Hi! I'm planning on deploying lakefs on our GCP st...
# help
u
Hi! I'm planning on deploying lakefs on our GCP storage so that we can version-control our data in GBQ. How would I go about doing this, and will I have to bring any modifications to existing code or make modifications everytime I change branches. Thanks!
u
Hi @Stéphane Burwash, here you can find information on how to setup lakefs on GCP https://docs.lakefs.io/deploy/gcp.html. lakeFS uses google storage as the underlying storage and provides UI, API, and S3 compatible interfaces. GBQ and the code will query one of these interfaces. How does the code work with the data today? Using GBQ sdk?
u
(Sorry in advance if I don't answer all the questions, I'm new to the DE game) Thanks @Barak Amar! Currently our main interaction with the data is through GBQ. It's connected to an ELT pipeline using stitch or meltano and loaded (with a loader) into our project. We mostly use the integrated GBQ SQL to query the data from there (using the UI).

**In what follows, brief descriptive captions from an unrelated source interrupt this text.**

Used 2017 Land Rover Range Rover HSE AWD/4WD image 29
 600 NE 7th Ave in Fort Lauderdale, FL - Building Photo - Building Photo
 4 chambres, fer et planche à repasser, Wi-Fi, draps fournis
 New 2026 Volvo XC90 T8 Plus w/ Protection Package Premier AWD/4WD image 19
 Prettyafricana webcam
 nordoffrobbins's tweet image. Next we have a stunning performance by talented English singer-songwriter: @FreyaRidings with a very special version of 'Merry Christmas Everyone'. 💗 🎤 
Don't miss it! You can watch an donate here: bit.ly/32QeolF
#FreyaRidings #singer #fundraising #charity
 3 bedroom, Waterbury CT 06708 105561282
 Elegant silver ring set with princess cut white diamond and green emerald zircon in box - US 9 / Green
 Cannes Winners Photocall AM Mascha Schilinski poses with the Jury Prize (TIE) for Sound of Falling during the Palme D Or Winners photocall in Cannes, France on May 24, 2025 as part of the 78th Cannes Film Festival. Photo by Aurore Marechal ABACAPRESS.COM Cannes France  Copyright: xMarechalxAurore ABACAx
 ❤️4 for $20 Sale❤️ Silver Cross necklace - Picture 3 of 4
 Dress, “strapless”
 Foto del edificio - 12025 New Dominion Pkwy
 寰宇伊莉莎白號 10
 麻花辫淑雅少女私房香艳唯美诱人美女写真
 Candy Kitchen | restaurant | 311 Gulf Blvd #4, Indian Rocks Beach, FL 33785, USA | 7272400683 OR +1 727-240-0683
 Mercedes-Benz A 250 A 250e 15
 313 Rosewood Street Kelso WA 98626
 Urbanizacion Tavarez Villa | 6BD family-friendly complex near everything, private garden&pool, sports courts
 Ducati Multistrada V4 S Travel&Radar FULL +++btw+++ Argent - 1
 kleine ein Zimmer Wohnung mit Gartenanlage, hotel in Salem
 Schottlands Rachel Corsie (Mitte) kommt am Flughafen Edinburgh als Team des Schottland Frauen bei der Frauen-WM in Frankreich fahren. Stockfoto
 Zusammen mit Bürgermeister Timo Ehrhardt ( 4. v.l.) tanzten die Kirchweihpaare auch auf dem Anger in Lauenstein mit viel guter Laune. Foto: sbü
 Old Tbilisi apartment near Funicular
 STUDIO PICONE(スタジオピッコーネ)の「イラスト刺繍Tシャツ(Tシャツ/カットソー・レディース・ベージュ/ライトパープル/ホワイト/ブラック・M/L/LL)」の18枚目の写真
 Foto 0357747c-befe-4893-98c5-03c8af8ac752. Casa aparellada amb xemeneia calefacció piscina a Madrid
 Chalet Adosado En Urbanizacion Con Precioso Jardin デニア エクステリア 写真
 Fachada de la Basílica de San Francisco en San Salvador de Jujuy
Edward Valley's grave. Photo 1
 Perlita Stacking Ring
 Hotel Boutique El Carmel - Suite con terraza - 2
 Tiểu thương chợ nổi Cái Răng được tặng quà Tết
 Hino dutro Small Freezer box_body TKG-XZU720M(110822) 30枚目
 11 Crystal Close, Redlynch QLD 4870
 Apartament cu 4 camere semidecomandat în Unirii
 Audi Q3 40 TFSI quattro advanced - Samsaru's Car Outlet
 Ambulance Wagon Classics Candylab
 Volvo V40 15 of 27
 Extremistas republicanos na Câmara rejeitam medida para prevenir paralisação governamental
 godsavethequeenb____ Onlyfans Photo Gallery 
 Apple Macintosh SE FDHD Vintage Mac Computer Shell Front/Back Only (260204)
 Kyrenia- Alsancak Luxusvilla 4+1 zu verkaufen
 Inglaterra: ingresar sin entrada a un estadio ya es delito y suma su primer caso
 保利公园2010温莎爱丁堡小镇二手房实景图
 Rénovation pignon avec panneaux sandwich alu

Does this make sense?
u
Hope I got it right (and I may have got it wrong), GBQ is a warehouse (loaded with stitch) and used to query the data loaded to the application. lakeFS is used as a layer above the object store that can be used by data processing/query/transformation tools. It will provide versioning for GBQ data warehouse. There is an option to query data using GBQ where the data source is S3 - didn't explore this one yet. You will need to load the data to lakeFS in this case for BQ to query on the federated data. If there is a use case to manage the data extracted from GBQ, lakeFS can be used to store the results. But you will probably need a different way (not GBQ) to load the data from lakeFS.
u
Ok awesome, thank you so much! I'll look into what's best for our architecture and get back to you guys soon 😉